Appellant was a social guest, invited for dinner. As such it was not likely that she would be expected to encounter the stairs even if, and we do not so hold, they could be reasonably considered as so defectively constructed as to amount to a trap or pitfall so as to entitle her to a warning of possible danger to her. Appellant had been in respondents' home on a few prior occasions. Although she was not well acquainted with the home, when she started for the bathroom she did not inquire for directions but announced she was going there and was told the light was on in that room. Under such circumstances it would be unreasonable to expect the hosts to anticipate that their guest would open a door not connected with and some distance from the bathroom and step into an unlighted or dark area. Had appellant exercised ordinary and reasonable care for her own safety she would not have opened a door and stepped into a dark and unlighted area with which she was unacquainted, without first ascertaining what was beyond the door even though she had not been told that the room to which she was going was lighted. Respondents did nothing to injure their guest. When appellant accepted respondents' hospitality she accepted the conditions ordinarily prevalent in their home and cannot be heard to complain about the manner in which they constructed their home. It is general knowledge that a great many homes have rooms on different levels which are reached by stairways and to build a stairway with a door opening forward is not a trap or pitfall. See Hertz v. Advertiser Co., 201 Ala. 416, 78 So. 794, L.R.A. 1918F, 137. See also annotation in 25 A.L.R.2d on Liability for injury to guest in home or similar premises, Sec. 2, page 600, Biggs v. Bear, 320 Ill. App. 597, 51 N.E.2d 799, where the facts were similar to those in the instant case; Gregory v. Loder, 116 N.J.L. 451, 185 A. 360 and Aragona v. Parrella, 325 Mass. 583, 91 N.E.2d 778.

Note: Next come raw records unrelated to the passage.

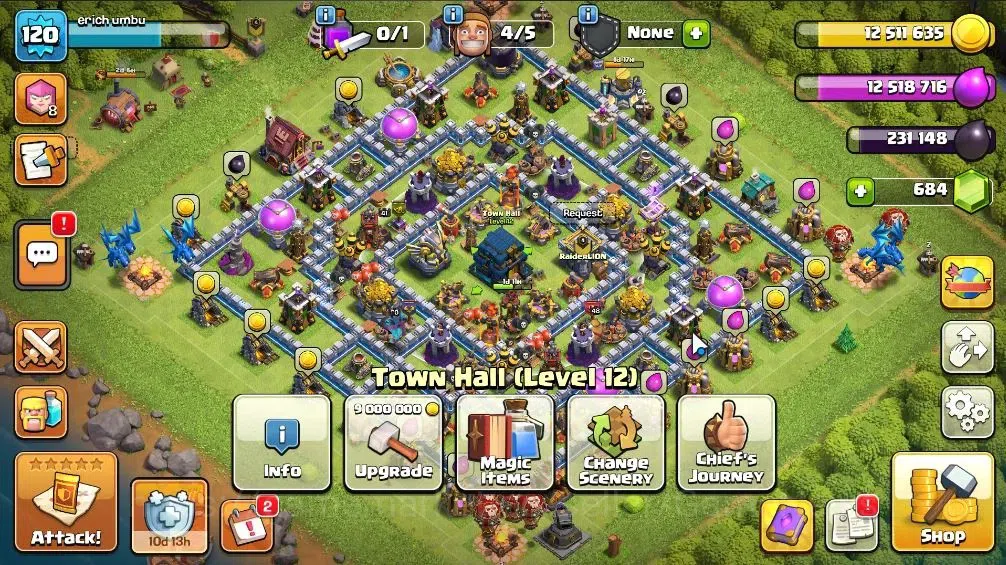 Clash of Clans Accounts High-End LV 120|TH 12 - BH 6|HH 6|Limited Skin|BK 48,AQ 41,GW 16,MP 20|684 Gems|CN ON|Protect 1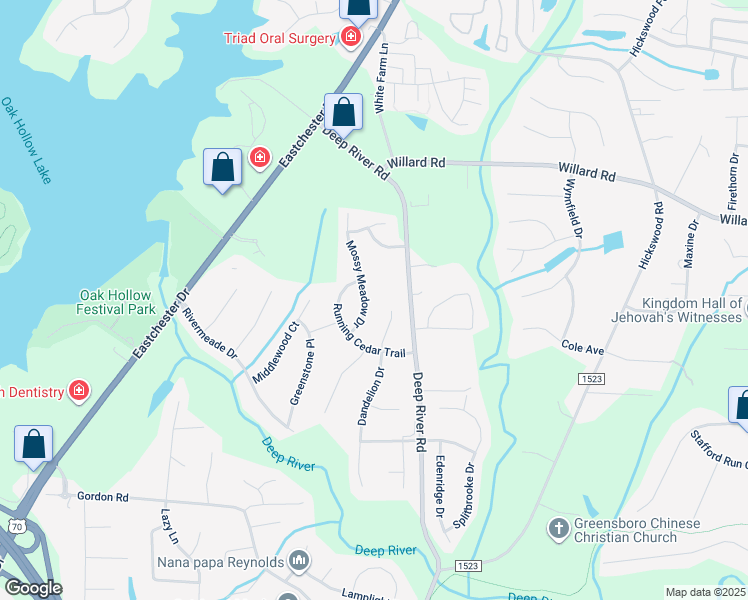 map of restaurants, bars, coffee shops, grocery stores, and more near 2750 Mossy Meadow Drive in High Point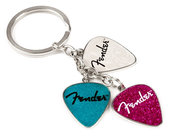 Pink / Turquoise Pearl Guitar Picks Keychain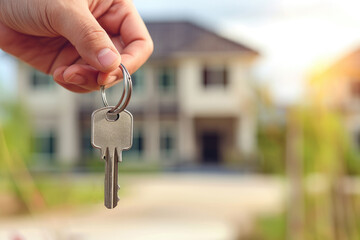 hand holds the key from new house with house background. Moving to new home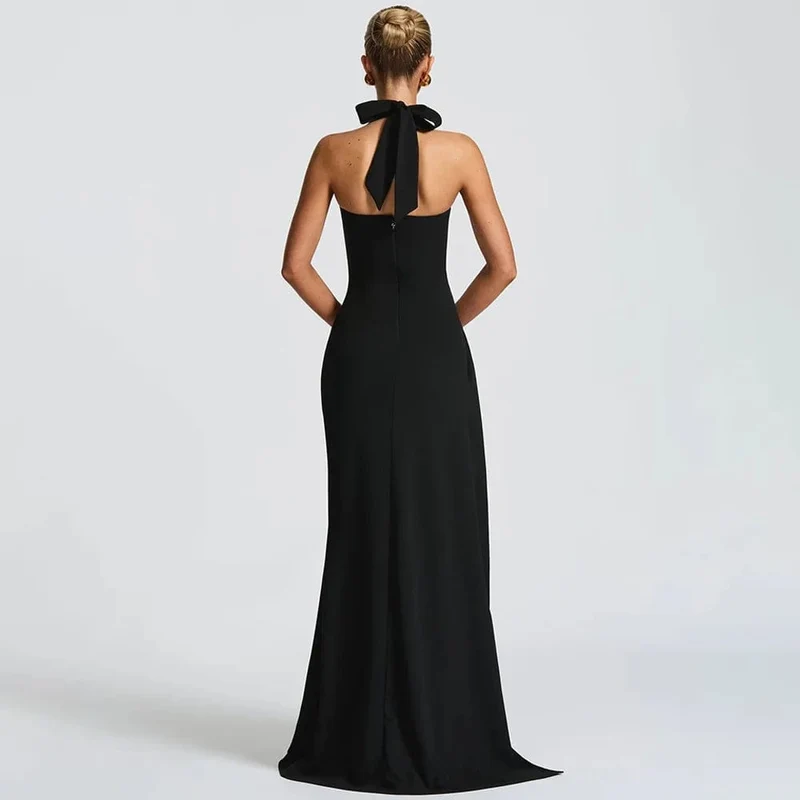 Robe de gala longue fendue dos nu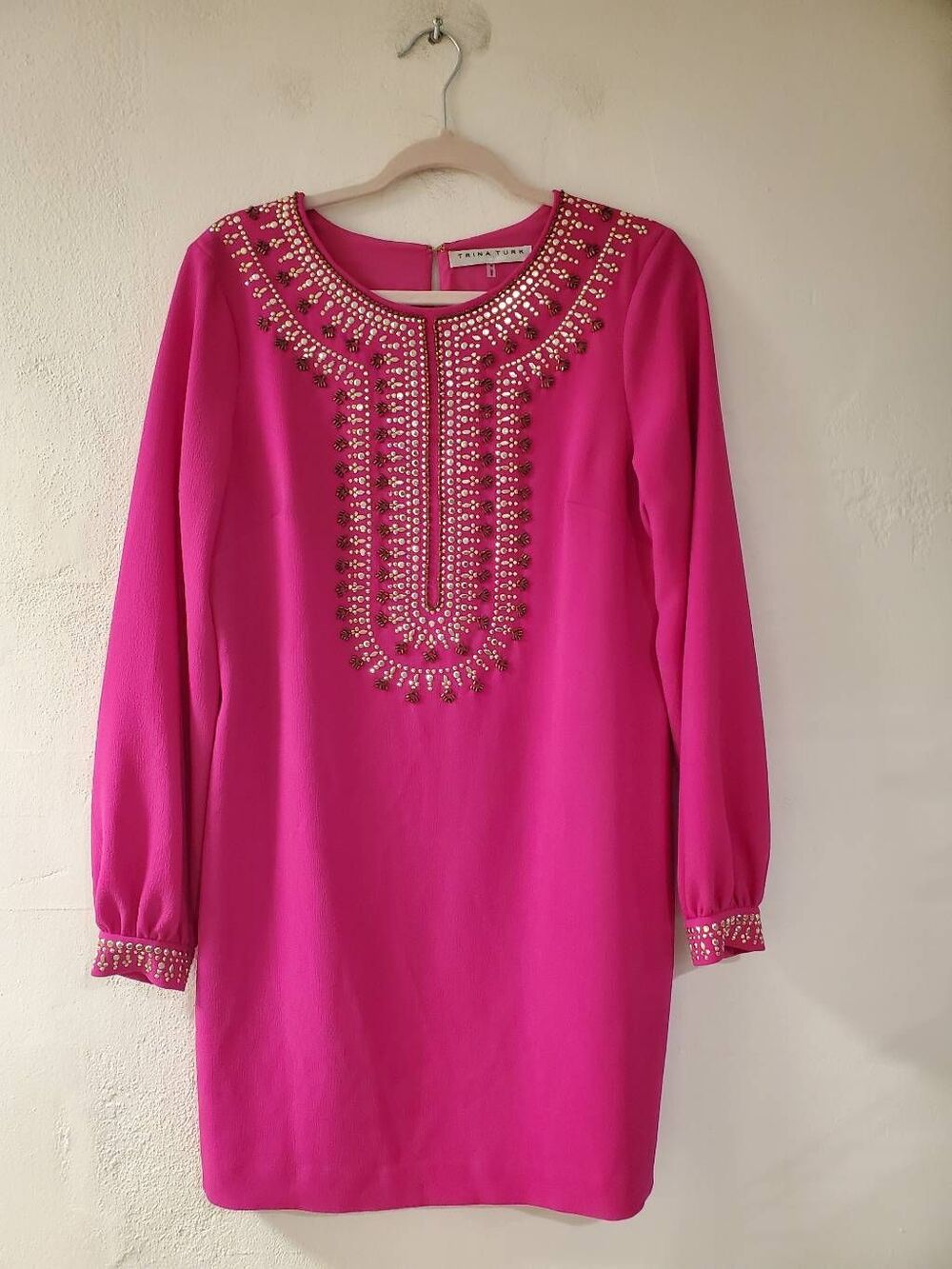 Trina Turk Kapono Mini Dress in Hot Pink Size 8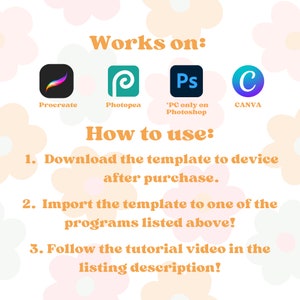 May include: A graphic with instructions on how to use a digital template. The graphic features icons for Procreate, Photopea, Photoshop, and Canva. The text reads "Works on:" and "How to use:" followed by three numbered steps.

From what we have said it follows that the court did not err in granting the summary judgment in favor of respondents because appellant's own deposition establishes that respondents did no act which could be reasonably found to have actively contributed towards her injury, but that on the contrary appellant's own act in failing to pay attention to the information vouchsafed that the bathroom was lighted and in spite of that informatian entering a darkened area without first observing whether it was safe to do so was a failure on her part to exercise reasonable care to discover and avoid any danger to herself.

Affirmed. Costs to respondents.

McDONOUGH, C.J., and CROCKETT, HENRIOD, and WORTHEN, JJ., concur.